Running Away from the Finish

It's not so much that I'm running away from the end of my time here, I'm just trying to consciously will it away. Not that my time here in the grand ole UK ends as soon as some of the other people of my program who are leaving right away, but being here without them will be equally tough. ALRIGHT - enough of the ending stuff... what happened in my life this week you ask?
Well... Monday night Margy & I ventured over to Shoreditch, a recently-made cool area with a friend from LAMDA to see a musical that one of his mate's had directed. It was called "Bright Lights, Big City" and the best way to explain my feelings about it would be to tell you that there was a song titled "I Love Drugs" with a lyric "Drano for my brain-o". So... yeah. But it did end up being a really great night of adventures in new areas of London, and therefore, a successful evening!
Thursday marked two exciting things; not only was it Thanksgiving when I got to head back to my favorite half-American, English family, the Mogilner's, but I also had, what I think, is my favorite class at LAMDA thus far. It was my Physical Theatre Class, an hour and half that usually leaves me sweating and sore in places that I didn't know could be sore, but this class was totally different.

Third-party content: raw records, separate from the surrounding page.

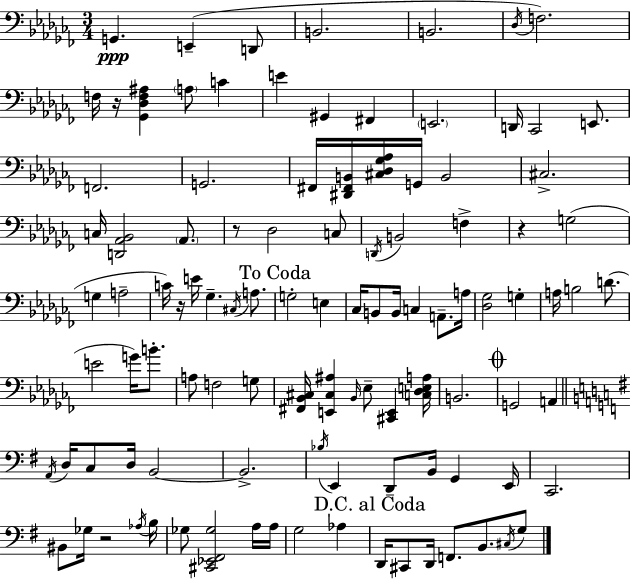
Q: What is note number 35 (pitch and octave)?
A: E4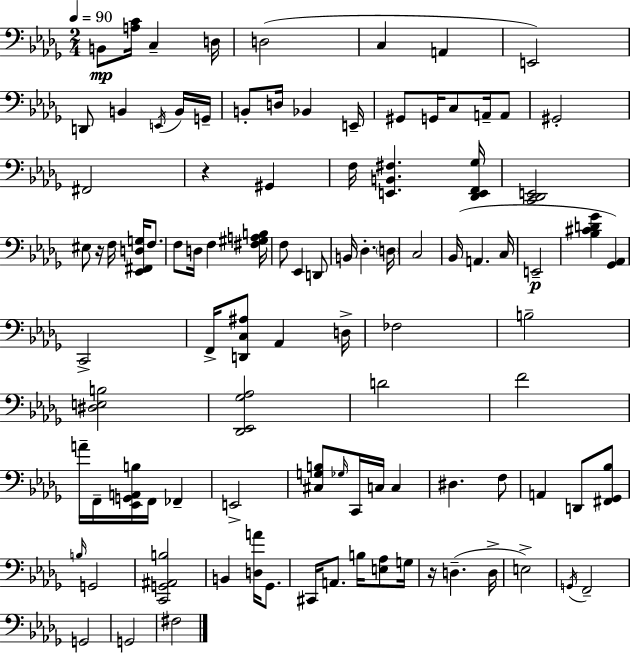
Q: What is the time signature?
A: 2/4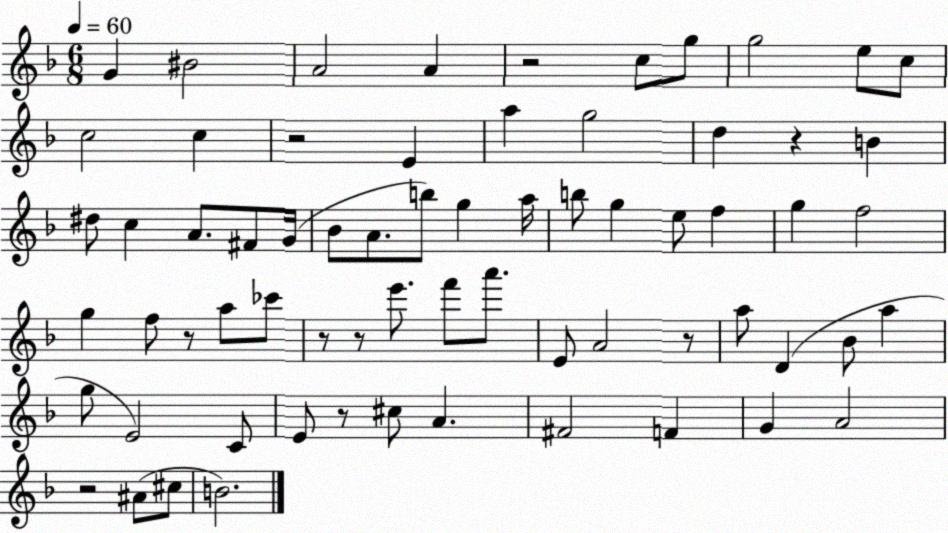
X:1
T:Untitled
M:6/8
L:1/4
K:F
G ^B2 A2 A z2 c/2 g/2 g2 e/2 c/2 c2 c z2 E a g2 d z B ^d/2 c A/2 ^F/2 G/4 _B/2 A/2 b/2 g a/4 b/2 g e/2 f g f2 g f/2 z/2 a/2 _c'/2 z/2 z/2 e'/2 f'/2 a'/2 E/2 A2 z/2 a/2 D _B/2 a g/2 E2 C/2 E/2 z/2 ^c/2 A ^F2 F G A2 z2 ^A/2 ^c/2 B2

It's going to sound very artsy and drama-schooly, but we literally spent the whole class listening to our bodies and moving in ways that made us stretch and move around space in ways that made us feel good. It was entirely about impulse and pleasure, and was just a excerisize in cutting the crap and doing whatever you want. People in my class ended up strewn over ballet bars, climbing into rafters and somersalting across the sprung floor - and none of us had any idea what was going to come next. My favorite thing was to try and let myself fall and not think about how I was going to keep myself from getting hurt. Every single time my body moved in a way that kept me from every falling to the ground or hurting myself, leading me to wonder how in the world I can be such a klutz when I'm concentrating. I know it probably sounds a bit bizarre and the fact that that is a class that I am being graded in baffles most everybody I talk to, but it was such an unreal opportunity that I have never had before, and doubt I will have again anytime soon.

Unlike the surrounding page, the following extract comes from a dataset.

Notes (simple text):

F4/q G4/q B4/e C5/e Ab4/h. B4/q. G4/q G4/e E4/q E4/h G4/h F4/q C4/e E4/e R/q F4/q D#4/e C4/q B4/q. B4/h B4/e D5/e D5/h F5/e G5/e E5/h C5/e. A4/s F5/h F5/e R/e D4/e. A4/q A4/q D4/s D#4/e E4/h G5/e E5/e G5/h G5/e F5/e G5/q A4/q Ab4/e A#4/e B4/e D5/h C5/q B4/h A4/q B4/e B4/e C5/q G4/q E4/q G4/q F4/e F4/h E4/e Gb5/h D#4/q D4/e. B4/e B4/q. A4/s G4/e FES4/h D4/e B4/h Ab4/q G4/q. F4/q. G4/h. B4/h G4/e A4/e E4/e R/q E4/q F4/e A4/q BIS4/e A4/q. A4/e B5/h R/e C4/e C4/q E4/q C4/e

Friday night brought our "Improv Party", which sounds a lot like a party with "Whose Line is it Anyway?" games, but was actually quite far from it. For the last 2 months in class we have each been keeping a character journal, inspired by a picture of a stranger. Our instructions were to find a picture of someone of our gender over the age of 40 (ideally, someone you would never be cast as) and create a character around them. This included everything from first kiss to most recent pay-check and every week my improv professor would give us a series of questions to answer as that character. Friday night we arrived at the party in full-costume and make-up according to this person that we had created, and proceeded to socialize for the next 3 HOURS a them. We were pretty uniformly terrified about keeping it going for that long, but it ended up going a lot smoother than any of us had anticipated, and it probably didn't hurt that they served alcohol as a social lubricant. At 9 o'clock when we all left the party and returned to our normal hair, makeup, clothing and age there was really nothing else to do but head to Curtain's Up, the local LAMDA pub and reminisce about just how ridiculous the last 3 hours were - and they really were.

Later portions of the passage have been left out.